I'm thinking , 10 acres in the woods,. Driveway 1/2 mile long... At night can't hear a car with loud exhaust,. Or a teenager with the thump-thump music for morons blearing....


----------



## LA Copper (Feb 11, 2005)

USM C-4 said:


> I'd sorta like a Norman Rockwell kinda place... a victorian on Main Street where I can sit on the porch in my rocking chair and watch the July 4th parade go by... and walk to the corner coffee shop, or bar, or breakfast place, or whatever. That small town life wouldn't be bad.


After almost 30 years working in the big city, I'm thinking of pretty much the same thing back there in New England. Although a movie theater and a golf course nearby would be nice too.


----------



## pahapoika (Nov 5, 2006)

Have thought about living out in the desert as well,








Now if I can just talk the wife into it


----------



## LA Copper (Feb 11, 2005)

pahapoika said:


> Have thought about living out in the desert as well,
> View attachment 9057
> 
> Now if I can just talk the wife into it


Pahp, having driven through the desert many times on the way to Las Vegas, I can tell you that you'd certainly have plenty of "open space" to yourself, that's for sure!

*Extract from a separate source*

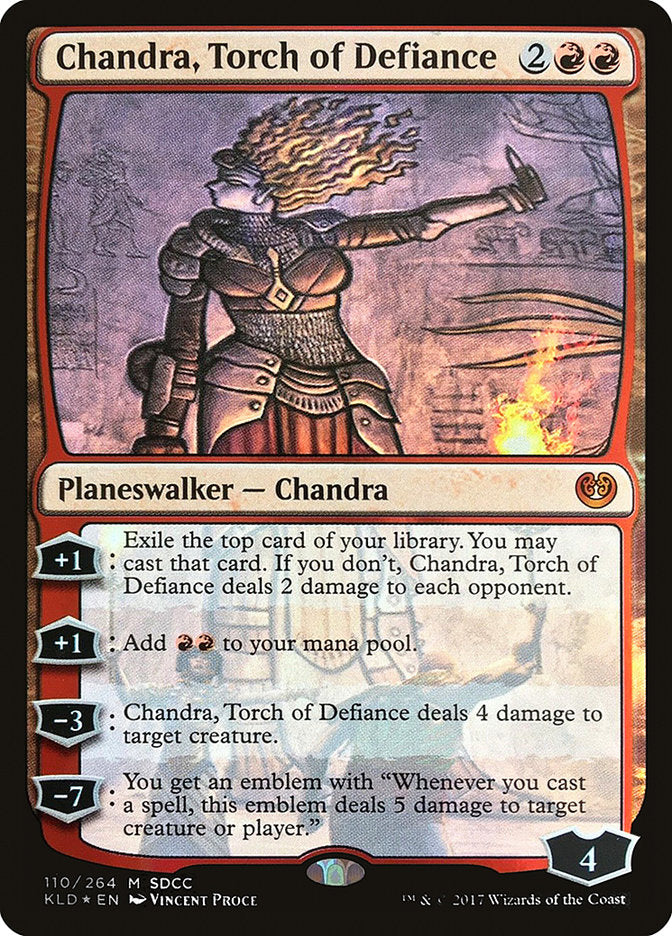 Chandra, Torch of Defiance [San Diego Comic-Con 2017] | Jomio and Rueliete's Cards and Comics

Is that picture from the movie Tremors?


----------



## Treehouse413 (Mar 7, 2016)

USM C-4 said:


> So, after a nice career with a SE Mass agency, in 2005 I moved to Mississippi, where I fell into a nice second career as a campus cop.
> 
> But, all good things come to an end.
> 
> ...


I've lived here all my life. There's some nice places to live but some have high taxes just have to your research.


----------



## pahapoika (Nov 5, 2006)

LA Copper said:


> Pahp, having driven through the desert many times on the way to Las Vegas, I can tell you that you'd certainly have plenty of "open space" to yourself, that's for sure!
> 
> Is that picture from the movie Tremors?


Yup  drove through there on the way home. Totally reminded me of that movie.


----------